# Icehouse



## McTrain (Jan 13, 2008)

Hello everybody,

I would like to build a working Iehouse. It will look similar to the one from "JL Innovative Design" called Brookside Icehouse. Mine will be used form the Coca Cola Company, so it will be painted in red and white and will have advertising signs on the walls. I will try to make it work like a real one, so that little iceblocks can be load to waiting Coca Cola Boxcars. My question: How did a real Icehouse work? Was it just an isolated wood building? How came the ice in the house? And how did the workers get it in the cars? Does anybody have detail pictures from the loading process?

Thank you very much!

Greetings from germany!

Jurgen


----------



## Dan Pierce (Jan 2, 2008)

For ice, get the bag of crystals from joanne's fabrics. These look like ice blocks.


----------



## SteveC (Jan 2, 2008)

Jurgen

Here is a link to a topic in the old MLS forums maybe you can get what you are looking for from it. There's a reply on the first page that gives you a link to The American Memory site where you can find a great deal of information pictures and drawings and such.

On the second page there are a couple of photographs of Ron Senek's icing platform he modeled.


*MLS Archived Topics: Icing Platform*
Hope the above is found to be of help to you.


----------



## John J (Dec 29, 2007)

Garden Texture had a  WORKING ICE HOUSE.   You can  buy the plans or  a complete kit.     http://www.gardentexture.com/


----------



## toddalin (Jan 4, 2008)

Rooster Creek probably has about the "coolest" ice house with an operating conveyor belt and even an articulated figure with a pole shoving ice blocks in the reefers.

Pics at the links:

 http://rides.webshots.com/photo/2527122120048609954mlERCK

http://rides.webshots.com/photo/2906480850048609954lKHbNV

http://rides.webshots.com/photo/2902620650048609954kPQugW

http://rides.webshots.com/photo/2018678050048609954TYUVge

http://rides.webshots.com/photo/2758720380048609954WILwCF

http://rides.webshots.com/photo/2526040540048609954qScdhl

http://rides.webshots.com/photo/2019028260048609954opNond


----------



## Skip (Jan 2, 2008)

Pre-electricity days, smaller ice houses use to freeze blocks in the winter (or cut lake ice in the winter, as they did for the ice house we had at the cottage) and pack it in sawdust.
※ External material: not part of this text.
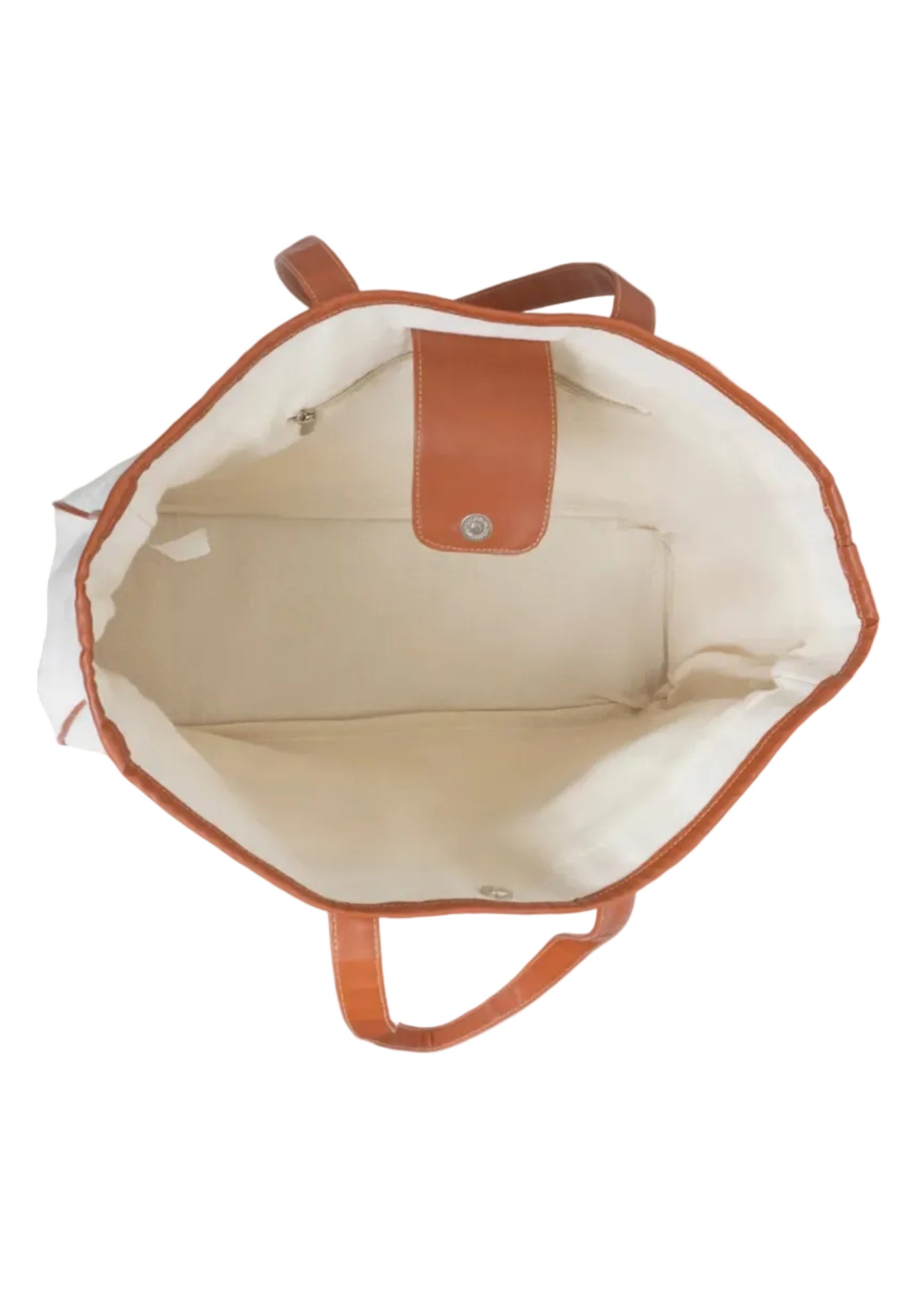 Magid Canvas Slogan Tote "HELLO SUMMER"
It would keep all summer. The cottage ice house still has about 3 feet of sawdust on the floor from the days of cutting blocks. The cottage ice house wasn't insulated - I'm sure commercial one would have been.


----------



## cephius (Jan 10, 2008)

Jurgen, 

The April 2007 Garden Railways magazin had an artical _Bringing back the "Ice Age" _ The artical was on how to model blocks of ice, but the background info and the photos of the ice house with platform and loaders were great. 

Dave


----------



## blackburn49 (Jan 2, 2008)

Posted By toddalin on 01/13/2008 11:50 AM
Rooster Creek probably has about the "coolest" ice house with an operating conveyor belt and even an articulated figure with a pole shoving ice blocks in the reefers.
Thanks for showing these links. That is every bit as spectacular as you indicated. I will be keeping these photo links for reference--very inspiring.

My regards,

--Ron in CC


----------



## Dougald (Jan 2, 2008)

Here in Canada, the icehouse normally worked in the following way. 

At a lake conveniently located on the District (CN's term for a Division), a contractor would saw blocks of ice 2 feet square and about 20 inches or more thick. A gang of men with handsaws would cut the ice and load them to horse drawn sleds for delivery to the main icehouse. This method was in use until the 1940s. 

The sled would bring the ice to the main ice house on the district where the ice was stored in sawdult in a wooden somewhat insulated building. Ice was shipped from there by reefer to other icehouses in the District. The Northern Ontario District for example iced reefers at Capreol, Hornepayne and Armstrong plus shipped ice to southern Ontario as well. 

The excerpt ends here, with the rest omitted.